The model prepared by means of HEC-RAS software is composed of 26 standard cross-sections. The total length of the reach is over 7500 m. The average distance between cross-sections is about 40 m. The cross-sections are imported from the HEC-GeoRAS toolbox implemented in ArcGIS. This toolbox is described below. Each cross-section consists of the main channel, as well as left and right floodplains. In the standard model there are also two bridges located in the town of Wronki (Figure 2). The bridges inserted into the computational model in HEC-RAS are presented in Figure 5. The basis for bridge setups are measurements made by the IMGW team in the framework of the ISOK project. In both cases the standard approach implemented in HEC-RAS is used. The basic relationship used is the energy equation. In steady flow computations, it permits the determination of headwater elevation on the basis of discharge and tailwater level. Hence, the marching structure of the computational algorithm is not violated.
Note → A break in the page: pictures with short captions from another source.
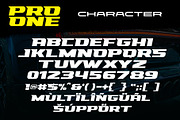Racing Pro One Display Race Font, a Font by Multype Studio (Thumbnail 6 of 6)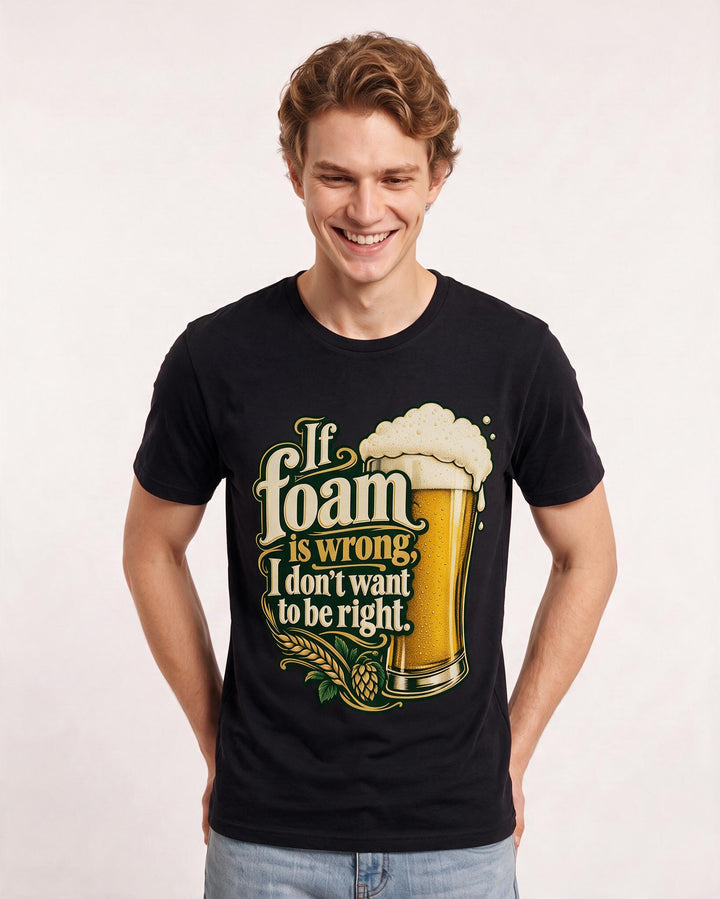 Beer Black T-Shirt for Men – Everyday Expression Graphic Tee product image 1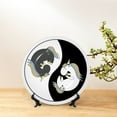 thumbnail image 6 of Gaeub Unicorn in Yoga Print Ceramic Plate,Dinner Plates,Bone China Decorative Plates with Display Stand,Art Ceramic Ornaments for Wall Hanging Decoration-6in, 6 of 6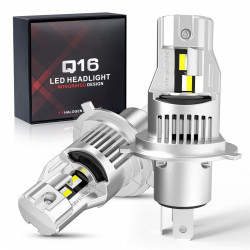 h4/9003 led projector headlight bulbs 6500k white super bright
Figure 4. Methodological scheme explaining the steps in the assessment of the impact of a new bridge on the flood hazard.

Figure 4. Methodological scheme explaining the steps in the assessment of the impact of a new bridge on the flood hazard.
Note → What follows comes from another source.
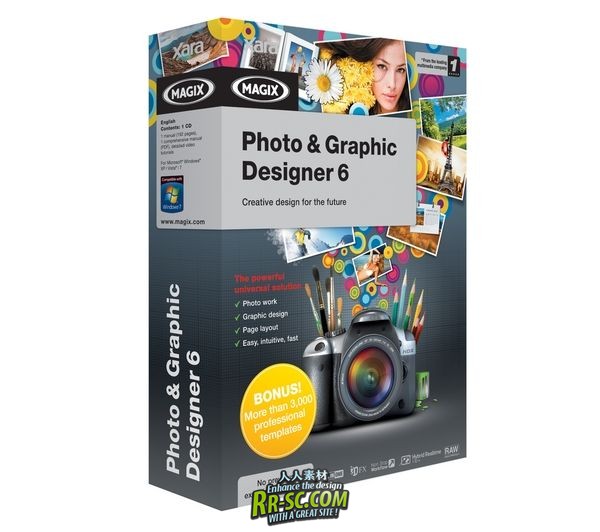 《德国MAGIX顶级图片设计师》（MAGIX Xara Photo &amp;amp; Graphic Designer 6.1.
The next step of the model preparation is recalibration. This means that the new hydraulic model is configured in such a way that it gives the same results as the model used in the ISOK project. There is a basic assumption that the results of the ISOK project available are obtained with properly set and calibrated MIKE11. Hence, this model and its results fit flow process characteristics in the analyzed river reach well enough to consider this model as a proper representation of the modeled process. It suggests that calibration of another model on the basis of results should give us a model reconstruction of the flow process. When there is a lack of access to observations and the MIKE11 model, the presented approach is the only solution. In addition, such an approach satisfies the second principle specified in the Introduction. The implemented method is consistent with the one previously used in the ISOK project.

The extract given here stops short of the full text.